Are you getting pay for all the work you do?

| May 20, 2019 | Uncategorized |

Whether you clock in, log in or submit a time sheet, if your boss pays you by the hour, you know that minutes mean money. You may even have to wait until a certain time to clock in to avoid earning pay for the extra quarter hour. Your boss may reprimand you if you stay on the clock past your scheduled time. This is because those minutes count toward the total time you work for the week, which brings you closer to overtime pay.

Hourly pay also means you do not get credit for hours you are off the clock. A shrewd employer may find ways to get work from you without paying you, but you may also be willingly, and illegally, giving your time away.
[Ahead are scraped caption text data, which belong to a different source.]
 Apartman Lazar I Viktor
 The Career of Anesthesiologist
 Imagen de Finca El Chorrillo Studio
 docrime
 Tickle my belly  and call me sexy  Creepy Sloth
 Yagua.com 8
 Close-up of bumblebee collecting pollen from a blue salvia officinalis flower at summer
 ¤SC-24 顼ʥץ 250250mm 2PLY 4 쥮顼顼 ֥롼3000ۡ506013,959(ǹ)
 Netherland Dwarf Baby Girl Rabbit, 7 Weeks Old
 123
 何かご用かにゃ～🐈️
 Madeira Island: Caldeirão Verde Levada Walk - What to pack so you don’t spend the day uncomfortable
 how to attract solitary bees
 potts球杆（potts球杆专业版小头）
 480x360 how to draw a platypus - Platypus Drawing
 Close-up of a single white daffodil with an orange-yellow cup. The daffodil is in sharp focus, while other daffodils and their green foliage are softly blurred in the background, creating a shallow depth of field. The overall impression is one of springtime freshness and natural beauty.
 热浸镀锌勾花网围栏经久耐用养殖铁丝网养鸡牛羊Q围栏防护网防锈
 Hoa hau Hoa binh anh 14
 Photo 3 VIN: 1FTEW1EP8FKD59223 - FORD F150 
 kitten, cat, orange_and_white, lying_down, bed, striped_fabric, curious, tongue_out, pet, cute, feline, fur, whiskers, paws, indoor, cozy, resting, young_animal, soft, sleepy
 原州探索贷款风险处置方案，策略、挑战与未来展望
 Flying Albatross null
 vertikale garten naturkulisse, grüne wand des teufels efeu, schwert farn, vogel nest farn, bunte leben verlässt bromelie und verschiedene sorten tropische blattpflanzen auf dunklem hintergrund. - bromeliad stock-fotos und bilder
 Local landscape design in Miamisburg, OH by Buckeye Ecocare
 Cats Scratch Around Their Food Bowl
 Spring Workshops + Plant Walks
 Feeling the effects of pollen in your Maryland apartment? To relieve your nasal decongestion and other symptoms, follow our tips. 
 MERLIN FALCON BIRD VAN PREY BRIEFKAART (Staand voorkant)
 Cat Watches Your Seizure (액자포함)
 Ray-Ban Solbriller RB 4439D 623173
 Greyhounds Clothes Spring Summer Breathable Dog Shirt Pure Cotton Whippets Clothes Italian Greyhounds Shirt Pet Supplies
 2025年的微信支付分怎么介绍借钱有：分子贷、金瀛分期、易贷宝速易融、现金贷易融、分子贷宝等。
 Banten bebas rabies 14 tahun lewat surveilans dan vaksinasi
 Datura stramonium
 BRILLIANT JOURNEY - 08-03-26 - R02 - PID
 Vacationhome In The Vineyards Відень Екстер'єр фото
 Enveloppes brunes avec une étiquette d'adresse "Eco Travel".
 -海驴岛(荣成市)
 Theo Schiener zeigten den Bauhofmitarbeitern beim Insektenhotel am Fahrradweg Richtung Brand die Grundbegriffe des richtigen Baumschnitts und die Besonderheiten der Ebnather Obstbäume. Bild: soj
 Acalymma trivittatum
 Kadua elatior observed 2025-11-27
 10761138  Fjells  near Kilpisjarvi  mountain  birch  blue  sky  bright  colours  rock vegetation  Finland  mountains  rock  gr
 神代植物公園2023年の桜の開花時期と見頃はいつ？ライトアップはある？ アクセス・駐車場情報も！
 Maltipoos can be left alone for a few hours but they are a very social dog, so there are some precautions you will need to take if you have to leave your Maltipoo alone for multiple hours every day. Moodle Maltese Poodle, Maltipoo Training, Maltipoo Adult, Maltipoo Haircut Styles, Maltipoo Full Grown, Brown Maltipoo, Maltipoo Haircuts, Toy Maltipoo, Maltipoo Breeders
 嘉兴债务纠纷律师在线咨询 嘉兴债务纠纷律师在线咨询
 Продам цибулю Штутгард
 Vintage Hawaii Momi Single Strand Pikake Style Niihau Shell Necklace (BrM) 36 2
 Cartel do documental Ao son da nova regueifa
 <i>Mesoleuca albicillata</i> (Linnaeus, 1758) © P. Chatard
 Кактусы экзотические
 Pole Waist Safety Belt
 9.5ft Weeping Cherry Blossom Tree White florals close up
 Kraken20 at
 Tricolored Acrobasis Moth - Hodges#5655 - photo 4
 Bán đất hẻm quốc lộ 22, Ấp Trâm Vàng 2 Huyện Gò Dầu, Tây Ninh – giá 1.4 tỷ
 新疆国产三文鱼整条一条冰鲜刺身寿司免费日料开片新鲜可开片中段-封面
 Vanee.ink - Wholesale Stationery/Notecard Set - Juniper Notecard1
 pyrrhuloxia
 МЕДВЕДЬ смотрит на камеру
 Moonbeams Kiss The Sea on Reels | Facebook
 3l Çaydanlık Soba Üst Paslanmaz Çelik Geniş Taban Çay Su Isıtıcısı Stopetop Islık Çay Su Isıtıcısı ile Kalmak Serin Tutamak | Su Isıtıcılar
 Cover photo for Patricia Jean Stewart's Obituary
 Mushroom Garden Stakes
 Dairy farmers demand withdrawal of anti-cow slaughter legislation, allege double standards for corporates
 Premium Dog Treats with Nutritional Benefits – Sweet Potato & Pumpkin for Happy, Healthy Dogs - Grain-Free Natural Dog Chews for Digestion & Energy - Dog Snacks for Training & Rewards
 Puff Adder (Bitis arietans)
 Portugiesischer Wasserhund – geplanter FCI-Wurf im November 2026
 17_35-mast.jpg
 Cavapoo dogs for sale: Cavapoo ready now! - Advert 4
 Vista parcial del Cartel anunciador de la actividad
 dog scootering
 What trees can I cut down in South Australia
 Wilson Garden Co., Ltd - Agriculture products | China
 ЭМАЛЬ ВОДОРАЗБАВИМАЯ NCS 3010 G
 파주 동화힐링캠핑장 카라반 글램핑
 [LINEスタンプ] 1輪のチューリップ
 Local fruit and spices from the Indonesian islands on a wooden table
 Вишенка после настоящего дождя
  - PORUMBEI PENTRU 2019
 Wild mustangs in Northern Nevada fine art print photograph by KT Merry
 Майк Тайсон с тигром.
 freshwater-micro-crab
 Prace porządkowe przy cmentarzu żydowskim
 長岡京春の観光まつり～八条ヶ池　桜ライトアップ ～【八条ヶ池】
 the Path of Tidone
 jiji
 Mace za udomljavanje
Your boss may be stealing from you

Federal law requires employers to pay one and one-half times your regular hourly pay if you work more than 40 hours in a week. For this reason, many California employers keep their hourly workers well under the 40-hour limit. Some do this legitimately by managing their schedules. Others keep their hours low by convincing hourly employees that the work they do off the clock does not count as work time. Common examples of this include the following:

  • Excluding time it takes you to drive from your office to a meet a client
  • Not counting time you spend dealing with work-related phone calls and messages when you are home
  • Making you take your lunch at your desk so you can answer incoming phone calls
  • Forcing you to clock out if you have to correct mistakes on completed work
  • Assigning prep work before you clock in or making you clock out before starting your clean-up routine
  • Making you clock out during down time, such as when no customers are in the store but you may not leave
  • Making you clock out to attend mandatory training or meetings during a normal work day

You may be one of those employees who generally likes the work you do and the people with whom you work. You may voluntarily stay after you have clocked out to help a coworker finish a project or clean up a station. However, if your employer knows this and allows it, he or she is in violation of the law.

It may seem like only a few minutes at a time, but those minutes add up quickly. Without realizing it, you may be missing out on overtime compensation. If your employer routinely steals your wages in this way, either by forcing you or allowing you to work off the clock, you may wish to seek legal advice about your options for reclaiming the pay you deserve.